DAlperin · 2026-05-05T17:18:15Z

Summary

Adds an all-Column merge-batcher path: an input-side chunker
(ColumnChunker), an InternalMerge impl on Column<(D, T, R)>
plugged into DD's standard InternalMerger via the ColumnMerger type
alias, optimizations for the inner loop and the chunker, and three
microbenchmarks (primitive keys + Row-keyed merger + Row-keyed full
MergeBatcher).

The legacy columnation-backed Chunker / ColInternalMerger path is
unchanged; this PR is purely additive.

Commits

ColumnChunker + InternalMerge for Column<(D,T,R)> + ColumnMerger type alias. Naive 0/1/2-input merge with bulk-swap shortcut, equal-key consolidation via a reusable R accumulator. Proptests covering merge_from / extract against a brute-force reference.
Galloping for Less/Greater runs — view-projection so the gallop predicate touches only the D and T leaves; length-1 push fast path that skips extend_from_self's per-leaf 1-element memcpy.
Mid-merge yield in merge_from. Gallop bypass for length-1 runs (the common case on interleaved data). Microbench in benches/columnar_merger.rs comparing ColumnMerger against ColInternalMerger.
Address review: replace the default_capacity-driven yield with ColumnBuilder's serialized-words ship heuristic. Drop the LeafReserve trait + macro; SizableContainer for Column<C> is now minimal (required as a supertrait of InternalMerge). Per-leaf inner-loop pushes/extends — destructure (D, T, R)::Container once, dispatch to sd/st/sr directly so the gallop bulk-copy resolves to three independent extend_from_slice calls the compiler can autovectorize.
mz-timely-util primitive bench parameterized on per-side heap footprint; sweeps four sizes from L1-resident (32 KiB) to DRAM-resident (128 MiB) so the curves' cache crossovers are visible.

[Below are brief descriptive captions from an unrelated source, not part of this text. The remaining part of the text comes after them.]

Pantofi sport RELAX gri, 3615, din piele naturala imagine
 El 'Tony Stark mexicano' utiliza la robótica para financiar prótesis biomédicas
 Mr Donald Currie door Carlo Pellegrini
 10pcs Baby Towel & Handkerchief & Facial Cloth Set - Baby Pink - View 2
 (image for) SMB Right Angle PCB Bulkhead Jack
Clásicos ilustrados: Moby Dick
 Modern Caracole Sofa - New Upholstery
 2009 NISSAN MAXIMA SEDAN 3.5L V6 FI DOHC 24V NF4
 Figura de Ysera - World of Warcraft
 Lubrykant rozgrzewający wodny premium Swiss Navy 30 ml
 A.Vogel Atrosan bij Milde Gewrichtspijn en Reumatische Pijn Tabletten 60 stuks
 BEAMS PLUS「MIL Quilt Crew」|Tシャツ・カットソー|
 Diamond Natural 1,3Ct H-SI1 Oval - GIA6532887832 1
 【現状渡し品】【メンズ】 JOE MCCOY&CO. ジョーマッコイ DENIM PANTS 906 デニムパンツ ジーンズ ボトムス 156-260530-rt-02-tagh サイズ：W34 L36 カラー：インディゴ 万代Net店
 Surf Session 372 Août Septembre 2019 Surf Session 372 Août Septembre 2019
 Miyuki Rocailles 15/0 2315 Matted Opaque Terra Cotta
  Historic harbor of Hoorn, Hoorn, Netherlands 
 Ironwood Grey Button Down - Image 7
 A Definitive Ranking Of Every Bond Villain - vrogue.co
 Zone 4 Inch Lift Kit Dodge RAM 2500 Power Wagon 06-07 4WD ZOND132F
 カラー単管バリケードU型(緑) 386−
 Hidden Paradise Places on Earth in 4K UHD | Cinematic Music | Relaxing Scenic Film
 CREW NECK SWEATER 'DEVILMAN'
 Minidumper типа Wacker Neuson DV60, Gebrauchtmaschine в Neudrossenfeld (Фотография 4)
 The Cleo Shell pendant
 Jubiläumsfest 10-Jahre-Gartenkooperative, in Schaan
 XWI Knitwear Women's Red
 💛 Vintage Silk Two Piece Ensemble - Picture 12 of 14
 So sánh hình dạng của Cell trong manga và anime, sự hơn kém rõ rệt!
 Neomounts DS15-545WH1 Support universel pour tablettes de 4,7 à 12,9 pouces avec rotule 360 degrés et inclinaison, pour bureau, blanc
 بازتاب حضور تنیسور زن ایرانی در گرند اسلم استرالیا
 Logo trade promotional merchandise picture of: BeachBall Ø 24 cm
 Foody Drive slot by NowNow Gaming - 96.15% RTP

Throughput in bytes (cross-record-shape comparable).
Row-keyed bench mirroring the same regimes/sizes with Data = Row — the variable-length payload regime where parallel-array layout is expected to amortize per-leaf overhead.
Both benches emit a side-by-side throughput summary table (GiB/s and latency, with column-vs-columnation ratio) after group.finish() — pulls medians from criterion's estimates.json so we don't add a serde_json dev-dep.
Inner-loop optimizations driven by xctrace profiling of the slowest Row regimes:
- Drop the copy_from + push(&owned) round-trip for D and T in the Equal branch. Refs from the input borrow are valid through the merge step, so push them via each leaf's Push<Ref<_>> impl directly. The original shape triggered Row::copy_from = CompactBytes::clear() + extend_from_slice per equal-key record, which freed and re-malloc'd every row that overflowed the inline budget.
- Pre-size output leaves via Container::reserve_for([left_borrow, right_borrow]) in merge_from, gated on a record-count threshold to avoid over-reserving on huge inputs where consolidation makes the input bound a 4× over-estimate.
- Amortize the in-loop at_ship_threshold check — every 1024 iterations via a power-of-two mask. The closure walks 4–5 leaf slices on variable-length leaves; overshooting the ship boundary by ~1 K records has no practical impact since the framework's outer at_capacity ships the chunk regardless.
Apply the same copy_from fix to ColumnChunker — the chunker had the same Row-malloc thrash as the merger's Equal branch on every consolidated output record. Add extract ship-threshold yield required by InternalMerge::extract's contract: the framework only checks at_capacity between calls, so without an inner-loop yield a single call could fill an output well past threshold.
Move Row benches from mz-repr to mz-compute and add a full-MergeBatcher Row bench that exercises the entire push-rounds + seal cycle (chunker + chain compaction + extract) — companion to the merger-only bench.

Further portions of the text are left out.